------ Dataset records

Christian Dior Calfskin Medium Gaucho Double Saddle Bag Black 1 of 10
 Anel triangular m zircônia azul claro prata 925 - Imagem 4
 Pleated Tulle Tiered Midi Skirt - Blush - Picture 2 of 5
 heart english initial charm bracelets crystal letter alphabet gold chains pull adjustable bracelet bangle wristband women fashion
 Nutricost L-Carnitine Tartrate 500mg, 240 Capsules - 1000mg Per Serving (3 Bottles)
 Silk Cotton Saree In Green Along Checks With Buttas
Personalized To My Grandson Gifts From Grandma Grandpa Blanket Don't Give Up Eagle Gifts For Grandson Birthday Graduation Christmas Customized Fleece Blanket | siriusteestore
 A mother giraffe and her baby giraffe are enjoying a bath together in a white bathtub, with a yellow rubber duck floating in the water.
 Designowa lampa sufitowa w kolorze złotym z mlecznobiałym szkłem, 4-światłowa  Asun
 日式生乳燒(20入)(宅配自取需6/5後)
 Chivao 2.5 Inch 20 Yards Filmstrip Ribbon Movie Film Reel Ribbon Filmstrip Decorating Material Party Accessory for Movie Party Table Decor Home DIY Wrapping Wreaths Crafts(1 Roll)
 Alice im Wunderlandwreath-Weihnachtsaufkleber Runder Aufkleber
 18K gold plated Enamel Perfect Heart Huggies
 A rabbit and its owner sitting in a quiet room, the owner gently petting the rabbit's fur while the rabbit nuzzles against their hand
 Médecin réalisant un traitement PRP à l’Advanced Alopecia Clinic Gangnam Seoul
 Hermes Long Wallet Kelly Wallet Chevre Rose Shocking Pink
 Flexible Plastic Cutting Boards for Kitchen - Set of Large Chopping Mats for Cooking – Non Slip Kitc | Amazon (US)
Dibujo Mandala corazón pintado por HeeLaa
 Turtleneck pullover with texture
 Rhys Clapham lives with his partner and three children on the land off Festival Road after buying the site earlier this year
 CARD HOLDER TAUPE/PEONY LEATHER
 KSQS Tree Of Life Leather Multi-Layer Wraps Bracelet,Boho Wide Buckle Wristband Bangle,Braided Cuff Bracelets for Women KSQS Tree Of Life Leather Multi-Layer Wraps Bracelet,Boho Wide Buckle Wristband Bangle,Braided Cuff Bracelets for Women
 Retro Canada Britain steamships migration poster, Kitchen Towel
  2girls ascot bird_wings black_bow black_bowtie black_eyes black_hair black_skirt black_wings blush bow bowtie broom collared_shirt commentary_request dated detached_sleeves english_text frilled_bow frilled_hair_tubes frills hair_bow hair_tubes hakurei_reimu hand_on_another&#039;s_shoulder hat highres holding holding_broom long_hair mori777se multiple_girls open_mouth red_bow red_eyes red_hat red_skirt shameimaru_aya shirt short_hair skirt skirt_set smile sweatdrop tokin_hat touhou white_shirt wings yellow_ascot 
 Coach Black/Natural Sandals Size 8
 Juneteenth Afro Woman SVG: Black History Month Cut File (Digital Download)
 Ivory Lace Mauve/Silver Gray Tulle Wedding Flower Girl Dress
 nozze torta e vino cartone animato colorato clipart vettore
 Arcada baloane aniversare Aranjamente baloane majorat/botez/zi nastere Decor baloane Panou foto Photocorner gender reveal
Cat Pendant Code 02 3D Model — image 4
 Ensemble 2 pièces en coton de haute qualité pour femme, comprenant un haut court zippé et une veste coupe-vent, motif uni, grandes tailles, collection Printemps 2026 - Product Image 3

------------

Where a line in the listing above contains "gold", copy that line.

 heart english initial charm bracelets crystal letter alphabet gold chains pull adjustable bracelet bangle wristband women fashion
 18K gold plated Enamel Perfect Heart Huggies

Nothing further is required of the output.